If you look close you'll see we added a layer of baltic birch plywood to the back of that guitar to thicken it.  That was to allow even more lights (for big halls) and microprocessor control.  Here I am in the Russell Hotel, New York, when that guitar was new.

Here I am, in my back yard, with the same guitar a few years later when it came back for service

I designed all the special effects guitars KISS played in those years.  I also created a fair bit of the electronics they played through.  That included the light guitars below, the smoking guitars, the rocket guitars and the laser guitar for 1979, among many.

Long Island luthier Steve Carr did the fretwork and tuning to make our creations play.  He also did the metallic body finishes and the custom inlays.

I designed the electronics.  My then-girlfriend, later-wife, and current ex-wife Mary Robison did the assembly. My friend Jim Boughton did the mechanical engineering and fabrication.  

Today Mary and I have a son, Jack.  We're not married anymore (I'm remarried) but we remain close.  Here they are at our house with one of their projects and Oigy, the Imperial War Pug.

Here I am this spring, with master luthier Jim Cara, who has followed in the custom guitar tradition.  Check out his story here.

Finally, here's my son with the original light guitar this spring.  Ace has sent is back to us for refurbishing.

People still ask if we can make more of these instruments.  Actually, we can.  Check out my son's web site here, with a video of me and a brand-new light guitar using today's LED technology

Robison Industries

If you'd like to read more, start at page 112 of my book Look Me in the Eye

Then you can continue with the intro to Be Different

In a few more months, you'll be able to read about my son and the light guitars today in RAISING CUBBY.

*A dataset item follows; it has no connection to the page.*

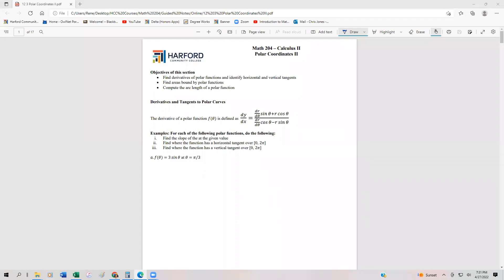In the previous section, we looked at being able to work with polar functions. In this section, we're going to extend that and look at calculus operations with respect to polar functions. We're going to be able to find derivatives of polar functions as well as the horizontal and vertical tangents. We're also going to find areas of polar functions and arc lengths of polar functions.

I'll stop back soon with more pictures from my time in music.



Forsythia said…
Interesting post. A new word: luthier. The Imperial War Pug sounds like a dog to be reckoned with.
John Robison said…
Yes . . . and for more on War Pugs . . .
P Shane McAfee said…
I have seen Ace Frehley do those solos dozens of times. It was great to read your book and find out how it all came together.
Andy said…
GOOD STUFF YOUNG JEDI!!!! Thanks for the 411!
This makes me think of something you said in"Look Me in the Eye" -- that you used to be able to see circuits in your mind, and that you lost that ability. I wonder if that happened because no one nurtured your gifts in school. They just saw you as a problem. I'm a first grade teacher and I know that reading your book has made me a better teacher. Thanks!!
GroovyJan said…
You were sort of sporting a Unibomber look back in 1979! LOL. Thanks for sharing the photos. Much appreciated by a fan of both books.
john said…
John, for the laser guitar, where did the laser emanate? And what was the full effect as far as where the laser was aimed.
Do any pictures of it exist.
John Robison said…
John - remember this was the 1970s! The laser was under the stage and fed the guitar via a thick fiber optic cord that looked like a guitar cord. The light emanated from a lend assembly on the headstock
Unknown said…
I attended opening night on the Dynasty tour and I clearly remember Ace blowing up those silver starburst ornaments hanging from the truss forward of the stage.
Were those specific fireworks used throughout the tour or just the 1st few nights?
What color was the laser?
Do you recall the width of the laser Beam?